The project bond breakthrough

Category: European energy

Winner: Castor Gas Storage

Nominated by: Natixis (structuring bank, joint book-runner, rating adviser)

Other participants included:
European Investment Bank (credit enhancement provider); BNP Paribas, Bankia, Credit Agricole, Caixa Bank, Santander, Societe Generale (bond issuers); ACS Group (sponsor); Dundee Realty Corporation (sponsor); Cobra Instalciones y Servicios (developer); Gaffney Cline Associates (technical adviser)

Date of transaction: 25th July 2013

Size of transaction: €1.4bn 

 

When the European Investment Bank’s (EIB) Project Bond Initiative was launched towards the end of 2012, it was with the lofty ambition of “re-opening capital markets as a source of financing for crucial transport, energy and communications infrastructure” according to an EIB statement at the time.
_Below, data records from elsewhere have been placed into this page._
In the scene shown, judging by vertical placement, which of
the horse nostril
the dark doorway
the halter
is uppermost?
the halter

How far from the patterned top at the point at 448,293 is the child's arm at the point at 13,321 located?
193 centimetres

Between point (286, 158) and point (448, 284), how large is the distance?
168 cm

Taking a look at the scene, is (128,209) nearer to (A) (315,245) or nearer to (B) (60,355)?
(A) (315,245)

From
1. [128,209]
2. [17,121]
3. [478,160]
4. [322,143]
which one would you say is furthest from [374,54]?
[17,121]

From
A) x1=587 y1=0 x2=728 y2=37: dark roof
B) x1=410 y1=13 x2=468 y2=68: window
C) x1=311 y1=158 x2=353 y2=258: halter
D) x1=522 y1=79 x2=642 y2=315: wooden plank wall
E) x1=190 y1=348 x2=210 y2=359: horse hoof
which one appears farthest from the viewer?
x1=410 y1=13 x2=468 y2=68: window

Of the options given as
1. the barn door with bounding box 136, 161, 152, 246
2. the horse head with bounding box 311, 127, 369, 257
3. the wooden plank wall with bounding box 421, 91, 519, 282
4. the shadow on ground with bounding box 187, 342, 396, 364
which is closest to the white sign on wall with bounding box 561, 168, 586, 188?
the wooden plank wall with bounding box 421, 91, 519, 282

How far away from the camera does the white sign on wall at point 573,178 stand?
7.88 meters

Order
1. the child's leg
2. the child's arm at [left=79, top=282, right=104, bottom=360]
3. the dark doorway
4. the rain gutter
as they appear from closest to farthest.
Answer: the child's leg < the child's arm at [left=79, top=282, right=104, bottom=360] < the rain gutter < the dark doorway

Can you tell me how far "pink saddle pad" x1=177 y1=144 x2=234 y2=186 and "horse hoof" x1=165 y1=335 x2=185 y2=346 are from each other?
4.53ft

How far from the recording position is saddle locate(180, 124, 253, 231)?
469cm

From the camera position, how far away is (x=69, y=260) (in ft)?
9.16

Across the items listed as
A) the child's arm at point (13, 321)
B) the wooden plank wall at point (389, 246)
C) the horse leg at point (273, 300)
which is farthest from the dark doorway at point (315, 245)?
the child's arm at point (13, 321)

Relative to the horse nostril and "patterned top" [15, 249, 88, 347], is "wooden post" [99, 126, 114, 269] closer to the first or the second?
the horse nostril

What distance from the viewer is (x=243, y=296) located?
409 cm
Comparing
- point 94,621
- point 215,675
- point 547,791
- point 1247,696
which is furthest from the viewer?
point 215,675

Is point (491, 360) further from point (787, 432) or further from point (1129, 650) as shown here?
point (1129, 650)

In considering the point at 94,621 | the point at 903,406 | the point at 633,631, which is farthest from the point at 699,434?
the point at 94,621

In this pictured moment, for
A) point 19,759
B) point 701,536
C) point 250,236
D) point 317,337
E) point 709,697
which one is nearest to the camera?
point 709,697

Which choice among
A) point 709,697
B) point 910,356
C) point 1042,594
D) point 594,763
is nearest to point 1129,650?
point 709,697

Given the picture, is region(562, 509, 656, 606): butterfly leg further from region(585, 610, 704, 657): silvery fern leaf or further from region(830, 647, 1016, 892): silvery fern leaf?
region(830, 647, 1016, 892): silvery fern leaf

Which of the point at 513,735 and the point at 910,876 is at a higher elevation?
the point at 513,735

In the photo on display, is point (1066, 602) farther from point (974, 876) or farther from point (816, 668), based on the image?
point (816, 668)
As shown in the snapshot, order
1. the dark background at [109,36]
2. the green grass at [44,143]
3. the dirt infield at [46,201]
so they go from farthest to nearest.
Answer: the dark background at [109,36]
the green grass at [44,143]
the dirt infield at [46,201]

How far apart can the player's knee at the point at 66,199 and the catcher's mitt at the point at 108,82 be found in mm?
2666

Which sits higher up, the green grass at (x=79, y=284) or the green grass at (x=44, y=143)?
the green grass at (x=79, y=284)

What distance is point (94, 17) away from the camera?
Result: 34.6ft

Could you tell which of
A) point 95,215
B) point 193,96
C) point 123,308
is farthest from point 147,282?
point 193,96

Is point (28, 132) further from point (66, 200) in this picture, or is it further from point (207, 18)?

The initiative, which offered credit enhancement as way of luring institutional investors, was one of a number of solutions in both the public and private spheres that aimed to stimulate long-term infrastructure financing in the wake of the Crisis and the subsequent pressures on traditional bank lending.

The first project bond to derive from the initiative was the one applied to the 30-year concession to construct and operate the underground offshore Castor gas storage facility off the coast of Castellon in Spain. The project, which makes use of a depleted oil reservoir, is regulated according to a Regulated Asset Base (RAB) scheme by which payments come from the Spanish gas system.

According to the award submission from French bank Natixis, the deal meant that developers and grantors could now consider project bonds as “a viable and feasible financial alternative to long-term bank debt, and not just a theoretical option”.

It added: “A lot has been said in relation to the natural fit between investors’ needs (long duration assets) and what infrastructure could offer them but few real examples reached financial close before Castor.”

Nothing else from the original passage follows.